Friday, February 25, 2011

Ms. F. Quibbler

Last night:

I sit down on my comfy sofa, pen in hand, pad on lap to write.

What?

To write.

Write?

Yes. Write.

You can't write.

What do you mean I can't write? I've got paper. I've got a pen.

When's the last time you wrote anything?

Hey, that's only 'cuz I listen to you.

Okay, so write something.

Okay. I will.

. . . .thinking. . . .thinking. . . . .thinking. . . . .

I can't think of anything to write about. I'll write tomorrow.

See. I told you.

My husband and I often have conversations on a wide range of topics. Many times I walk away uttering the words, "I should write a blog post." I rarely do. A variety of reasons could explain why but most often it is merely me getting in my own way.

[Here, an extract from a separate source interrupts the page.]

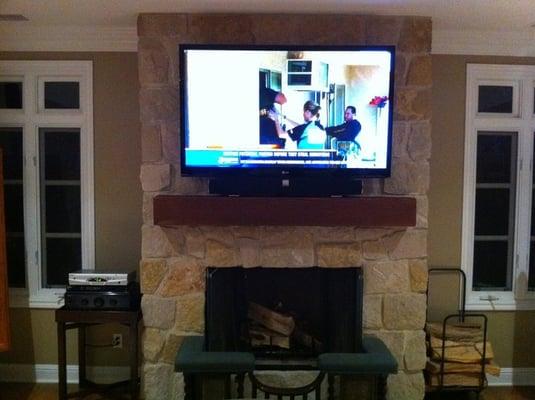 55 inch mounted on stome fireplace. Electrical outlet behind TV and concealed wiring through the stone.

I hear that roaring voice bellowing in the background telling me that I can't write, or that no one is really interested in what I might have to say on any given topic. Doubt leads to guilt and days, weeks and sometimes months pass with not a word typed.

So here I sit at midnight on my comfy sofa, wearing my cozy sweats, pen in hand, pad on lap, listening to the rain and murmurs of snores coming from the back of the house where my husband sleeps. How long will it last and will I feel compelled to simply sleep on the couch?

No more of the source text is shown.